You couldn't watch the first (and hopefully the last) trial stemming from the Kennebunk Zumba Scandal without wondering how it must have felt to sit in that jury box, day after eye-popping day, through a proceeding that lasted longer than most murder trials.
To wit: One day, jurors spent almost an hour watching video -- on a big screen, no less -- of alleged Zumba madame Alexis Wright performing a variety of sexual acts with one of her countless "johns."
As Portland Press Herald staffer Scott Dolan reported, "Some (jurors) frowned, one rocked in his chair and another looked down and away from the screen for short periods before looking back at the screen."
To wit: While the jurors watched this state's "exhibit," all eyes in the courtroom -- the judge, the attorneys for both sides, the rows of media types -- were on them.
"I would look over and they'd be embarrassed," Lilley said in an interview Thursday. "So I didn't look over anymore because I didn't want them to feel bad."
To wit: Attached to the main prostitution saga was a salacious side plot about an affair between the lead Kennebunk police investigator in the case and her superior officer, who no longer works for the department.
So tangled did this web become that at one point Lilley considered injecting a little comic relief by invoking Aretha Franklin's 1985 hit album "Who's Zoomin' Who?" (In the end -- thank God for small favors -- he thought better of it.)
To wit: Yet another sidetrack involved the now-infamous pizza shop manager who recalled feeling "really awkward" the day he went to Wright's home to deliver spaghetti and meatballs.
With no warning whatsoever, the pizza man recalled, Wright dropped the towel covering her otherwise naked body and then inexplicably gave him a $30-plus tip. (The tip, he testified, "made my day.")
We could go on -- the confiscated condoms, the four bottles of baby oil, the tube of Astroglide -- but you get the point.
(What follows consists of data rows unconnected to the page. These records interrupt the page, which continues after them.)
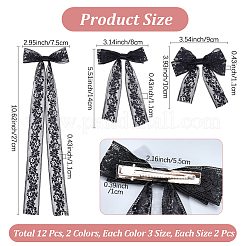 12Pcs 6 Styles Polyester Alloy Bowknot Hair Clips&nbsp;PHAR-CN0001-02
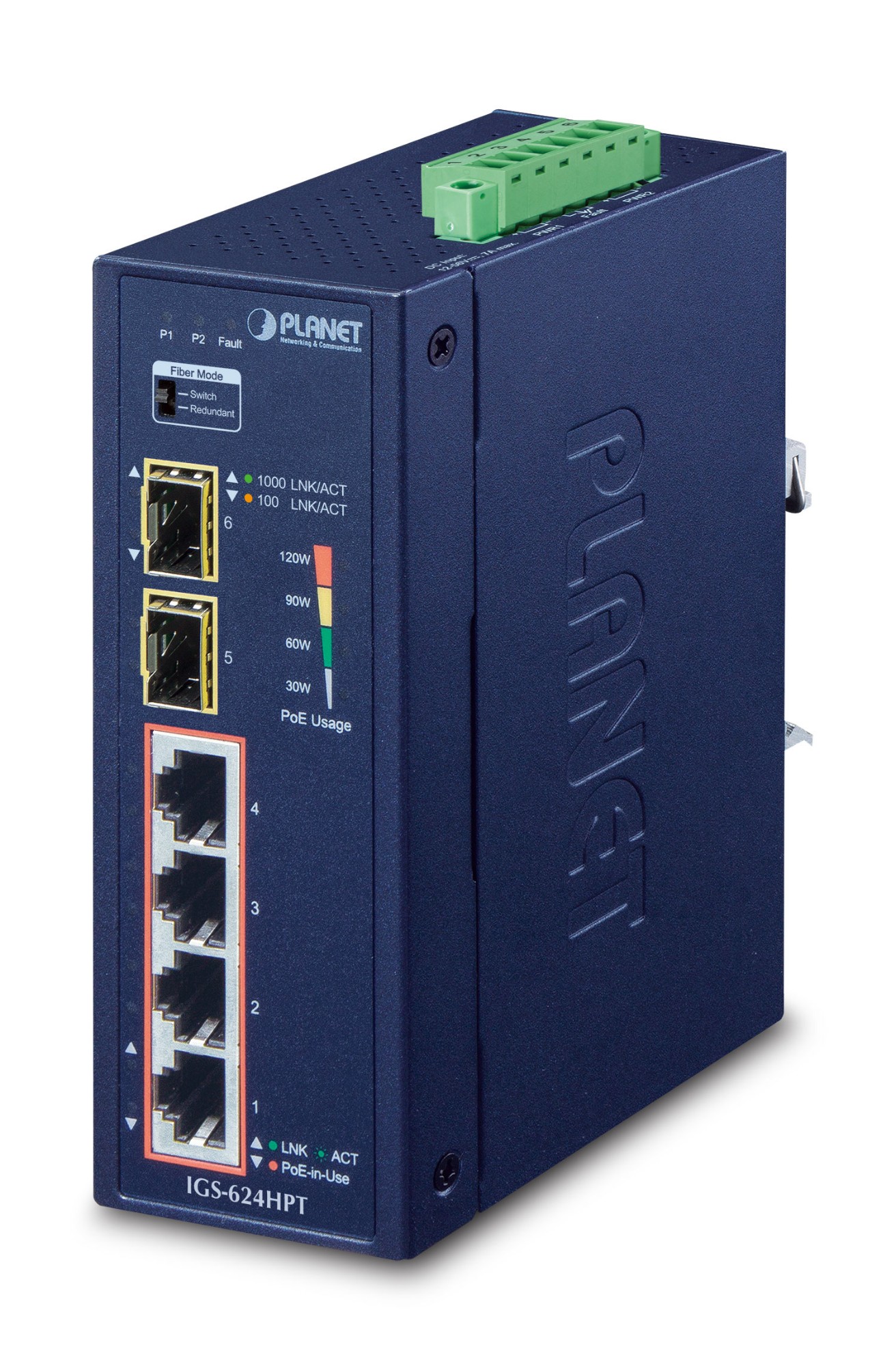 PLANET IGS-624HPT network switch Unmanaged Gigabit Ethernet (10/100/10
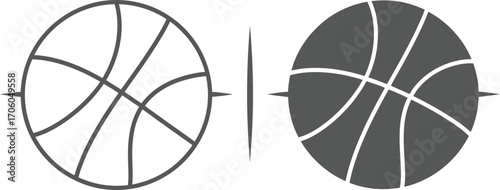 Basketball Ball Silhouette Icon Set, Sports Equipment Isolated on White Background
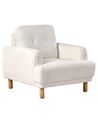 Sillón de bouclé blanco TUVE_927340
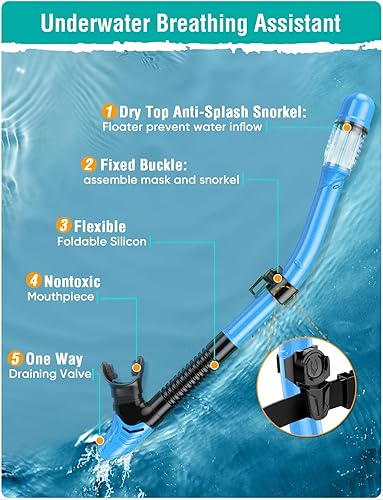 Miniatura 4 de Seovediary Set de esnórquel para adultos, equipo de esnórquel con máscara de natación panorámica antiempañamiento, tubo de esnórquel con parte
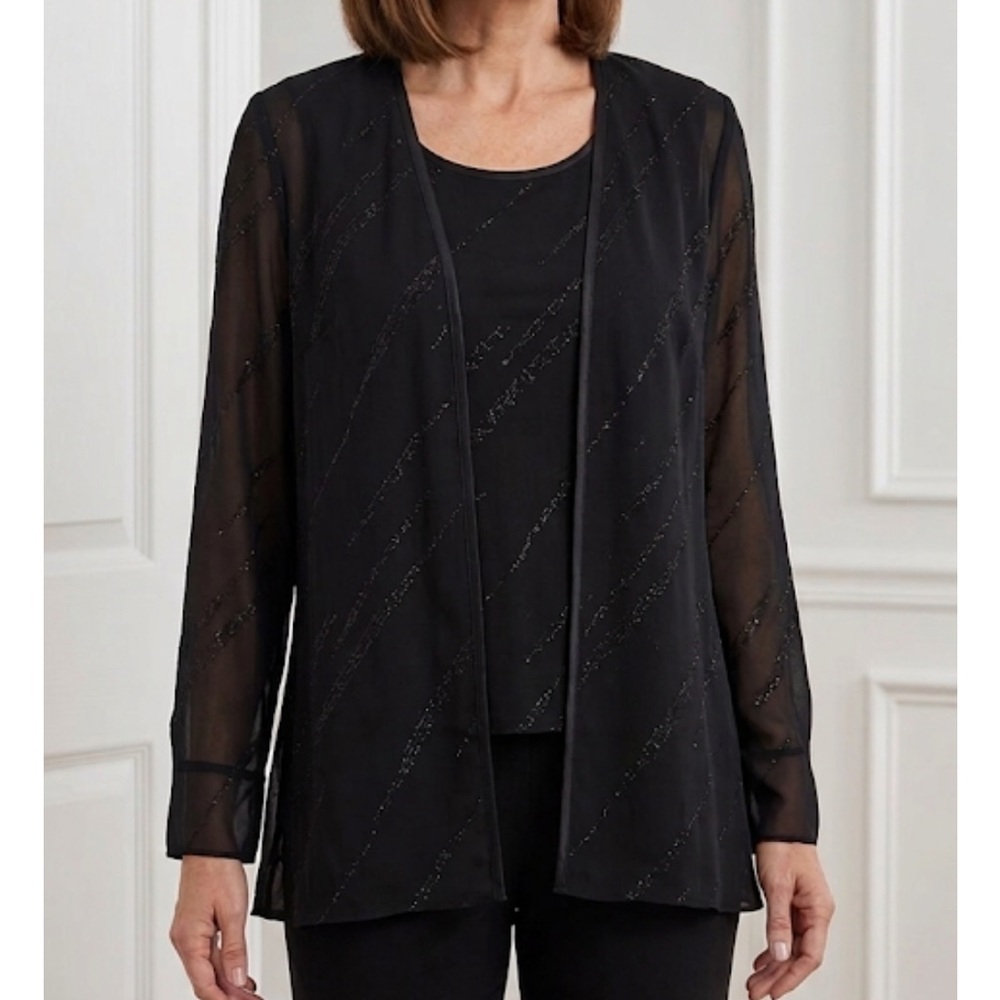 R&M Richards Black 2-Piece Sheer Jacket & Tank Set Size 12 Glitter Evening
If ever there was a jury suffering from evidentiary overload, it had to be this one.
And that was just the tawdry stuff.
Even as they sifted through 100 or so X-rated video-screen grabs that Strong collected from his faraway hometown of Thomaston, the jurors had to weigh two very different theories of what was going on here.
According to Deputy District Attorney Justina McGettigan, Strong and Wright had what was unquestionably a business relationship -- from Strong's signature on Wright's Zumba studio lease to the 21,000 text messages the two exchanged from February 2010 to February 2102. (That's 28 texts per day, seven days per week, 52 weeks per year.)
Lilley, on the other hand, tried to spin a tale of a hapless "middle-aged man infatuated with a young woman -- and he'll do anything for her. He doesn't even know where the line is he's stepping over."